╭─ Excerpted records

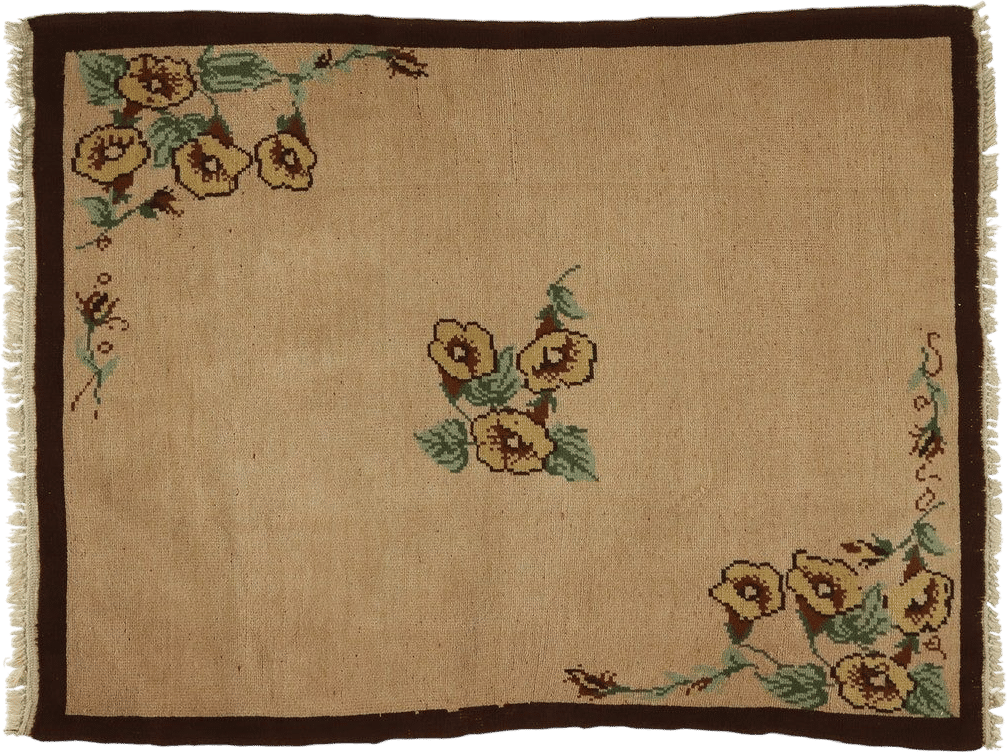 Vintage Floral Rug with Dark Brown Border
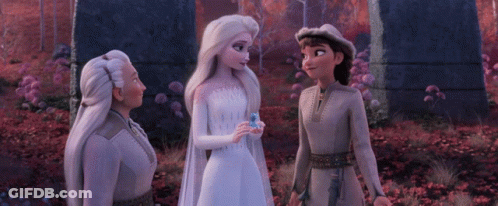 Three Cartoon Characters Are Standing Next To Each Other And One Of Them Is Wearing A White Dress GIF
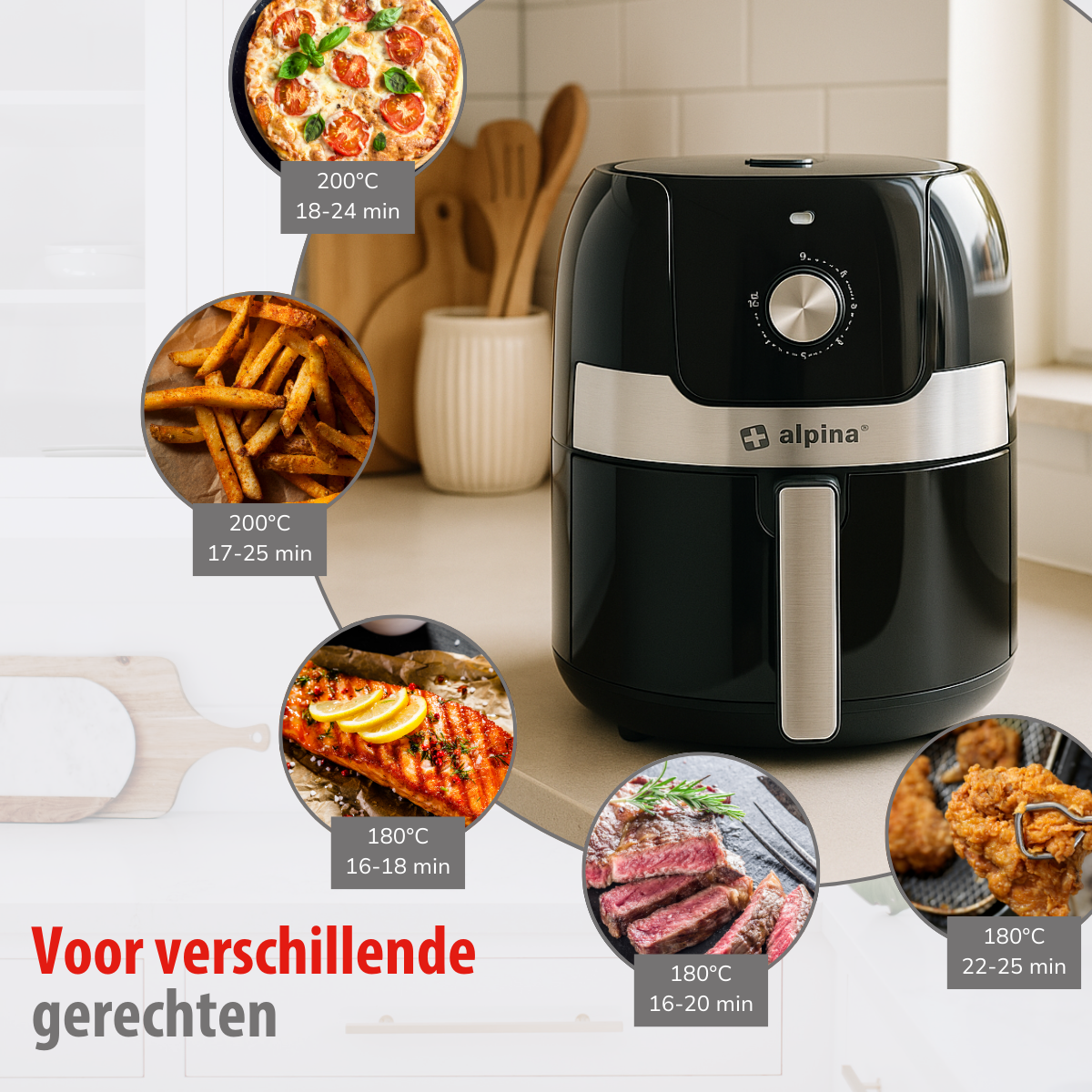 alpina Airfryer 3.5L - Heteluchtfriteuse voor 1-4 Personen - maximondo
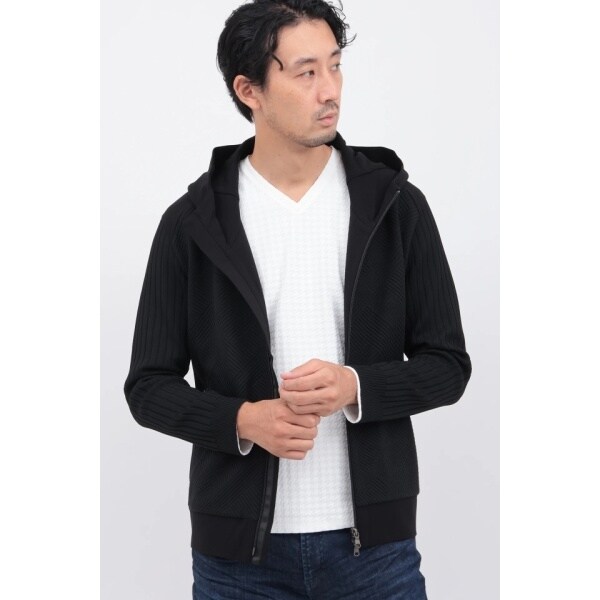 ハイストリート（HIGH STREET）/ニットコンビフーディーBL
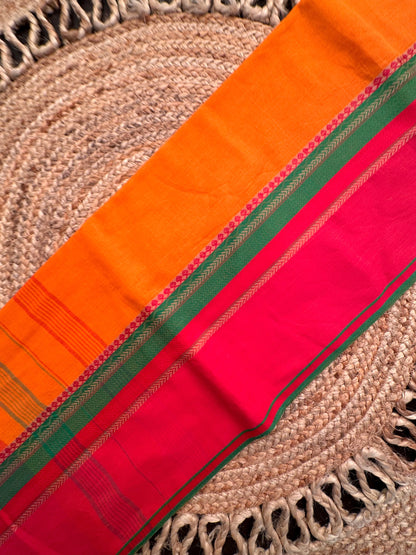 Orange-Red Piyali Bengal Cotton Saree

╰─

What is expected: Return only the lines from the one containing "Three Cartoon Characters" through the last line of the entries above, exactly as written and without pictures.

Your solution:
 Three Cartoon Characters Are Standing Next To Each Other And One Of Them Is Wearing A White Dress GIF
 alpina Airfryer 3.5L - Heteluchtfriteuse voor 1-4 Personen - maximondo
 ハイストリート（HIGH STREET）/ニットコンビフーディーBL
 Orange-Red Piyali Bengal Cotton Saree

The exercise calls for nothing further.